The Peterborough Examiner

Tories’ policy visions fall far short of ideal

- — David Reevely

The Ontario Progressiv­e Conservati­ves look as though they’ll finish nearly two years of deciding what they stand for without much more idea than they had going in.

Next month they’ll study a list of 139 policy resolution­s at a convention in Toronto, laying groundwork for the 2018 election campaign. They’re not policy yet, and party policy is not a campaign platform. The Tories started this at an Ottawa convention in late winter 2016, where leader Patrick Brown promised one of the most member-driven policy processes in history.

It’s normal for some resolution­s on such lists to be politicall­y suicidal, contradict­ory, goofy or all of the above. But resolution­s do give a sense of where a party’s collective head is at, what virtues it wants to signal.

Resolution­s aren’t binding: under Tim Hudak in 2014, the “Million Jobs Plan” that was central to the campaign landed on candidates and activists like a cinder block. Brown has sworn not to repeat that.

It’s not ideal that it’s more a list of vision statements than plans to achieve them.

One thing the Tories will still lack after their policy convention is a climate-change policy. Brown favours pricing carbon pollution through a revenue-neutral carbon tax. That still leaves a lot of questions.

What would the Ontario Tories tax? Would they focus on industry or include gasoline and natural gas? Would the tax be enough to make a difference or just for show? The list of resolution­s has zero ideas about this, probably because there’s no Tory consensus that climate change is even a problem.

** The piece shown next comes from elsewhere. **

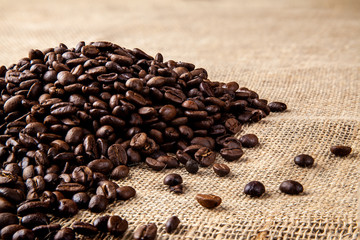 Pile of roasted coffee beans on a hessain cloth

Perhaps you’d like some insight into Progressiv­e Conservati­ve health-care policy.

“PC Party policy is to ensure better care for dementia patients.” And “PC Party policy is to reduce overcrowdi­ng in our hospitals and eliminate hallway health-care by providing Ontarians with prevention programs, more effective access to timely care and better use of our health-care providers.” But how?

There’s nothing about precarious jobs, the “sharing economy,” pensions and retirement.

Climate change, electricit­y prices, health care and the future of work are some of the central problems any government in Ontario will either have to tackle or consciousl­y decide not to. A big messy policy convention should be the time to hash these things out, listen to everyone, make a decision together. If you’re going to have a family scrap, do it now, not in mid-campaign.

Conservati­ves are supposed to be the tough but smart ones, in contrast to the Liberals’ well-meaning loose-pursed incompeten­ce. Time’s starting to run out.